The Apprentice also makes a regrettable choice in showing Trump raping Ivana, based on her accusation in her divorce deposition, a claim she sort of walked back later. The issue isn’t whether it’s true, but whether it belongs in the movie: It doesn’t say anything about Trump’s character we didn’t already know, and the film isn’t otherwise interested in much of anything about Ivana or her marriage to Trump, so the result is it appears that the scene is included just to be controversial or lurid. If the script had spent more time exploring their relationship, which often seems transactional in the depiction here, maybe there would be some justification, but Ivana is mostly a prop and Bakalova is largely wasted in the role anyway. It just comes off as cheap, lazy writing in a script that has very little time for any women characters.

I find it hilarious that Trump and his organization tried to stop anyone from showing or distributing this movie – there is nothing here we haven’t heard before, and if anything it shows him doing the stuff his adherents believe he’s good at, like making deals and running roughshod over his adversaries. The film did come out, and hit theaters, and earn praise and award nominations, and it didn’t make a whit of difference. Most people already have an opinion of Trump that is set in stone; if the Access Hollywood tape didn’t dissuade his supporters, this movie isn’t going to do anything, either. It’s just a mediocre biopic of someone who, at this moment, is busy trying to hollow out the federal government and use what’s left to target his real and perceived enemies. Maybe after he’s dead someone will make a better film about his life and motivations. This ain’t it.

September 5.

September 5 takes the story of the murder of most of the Israeli Olympic team by Palestinian terrorists at the 1972 Olympics and tells it from a novel perspective: that of the ABC producers and staff broadcasting the Olympics to the United States audience. The shift makes it as much a story about journalism and about the way people react to crises in real time as a story about the attack itself, allowing the film to hold the tragedy at arm’s length without trivializing its impact, and the result is a true thriller even if you already know all of the details of the ending. (It’s streaming free on Paramount+ or you can rent it on iTunes, Amazon, etc.)

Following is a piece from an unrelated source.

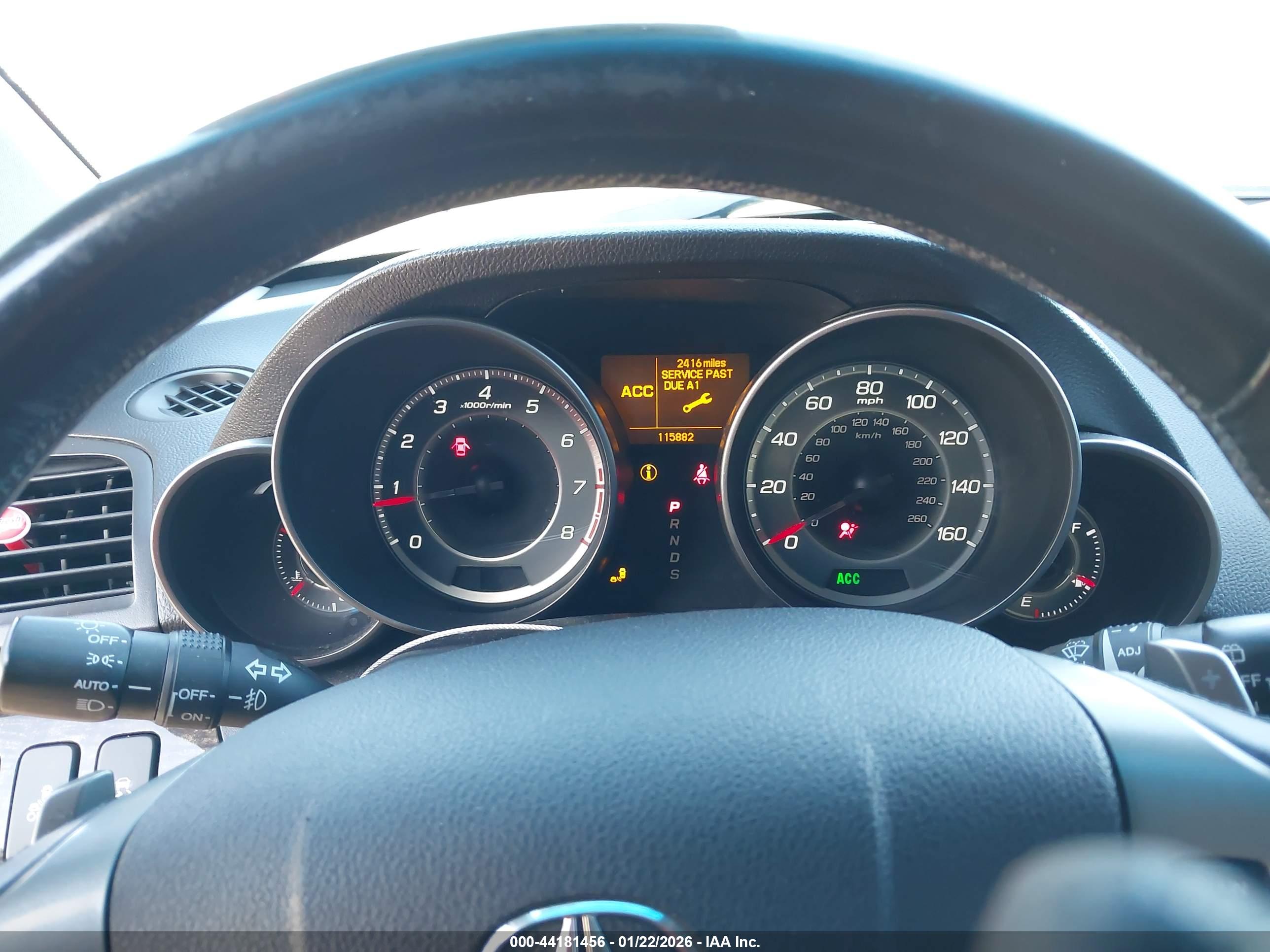 ACURA MDX image 7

We begin behind the scenes with what seems like another day of coverage, watching Roone Arledge (Peter Sarsgaard) decide to focus on the despair of one of the losing swimmers after one of Mark Spitz’s victories, along with a mundane argument about what events to air between Arledge and two of his lieutenants in the control room, Geoffrey Mason (John Magaro) and Marvin Baden (Ben Chaplin). Not long afterwards, several other staffers, including the translator Marianne (Leonie Benesch), think they hear gunshots, and soon afterwards the group learns of the attack and the first killings, leading to a series of decisions of how to cover the events – doing so with a staff and crew there to cover sports, not breaking news, and certainly not this kind of crisis – and how best to leverage their position to benefit ABC. The producers even resort to some subterfuge to get a staffer inside the police perimeter, stare down German authorities who storm the control room to shut them down, and try to learn the fate of the hostages – with the last leading to the one big mistake that the decision-makers make over the course of crisis.

I’m a sucker for a good journalism story, so September 5 is catnip to me, and this movie does an excellent job of keeping the tension ratcheted up to 10 while barely leaving the control room, driving almost everything through dialogue. The film was nominated for Best Original Screenplay at this year’s Oscars, and that’s its greatest strength – there’s no fat on this script, and even though the crisis unfolds outside of the room where our characters are, the film doesn’t lose the claustrophobic sense that comes with a movie in a single, enclosed setting. It’s also unusual in the way it creates so much tension through a story where none of the named characters are ever in any sort of peril

The script doesn’t quite pay sufficient attention to the human tragedy that drives the drama in the control room, however. There are some mentions here and there of individual athletes, and a discussion of the possibility that someone might be shot live on camera where his parents might see it, but by and large this is a movie about the people in the control room. You may argue it’s just not that kind of movie, or that its lean running time – which is just right for the story it’s telling – requires it to skimp on treating the tragedy as such; I think the script could have done more to humanize the events at its core, and in the process giving its characters more empathy in the moment, unless Arledge and Mason and Bader were all just extremely callous men in real life. (Marianne is the one member of the big four characters who isn’t based on a real person, but Benesch – who was outstanding in 2023’s The Teachers’ Lounge – is so damn good here that I didn’t mind the fabrication one bit.)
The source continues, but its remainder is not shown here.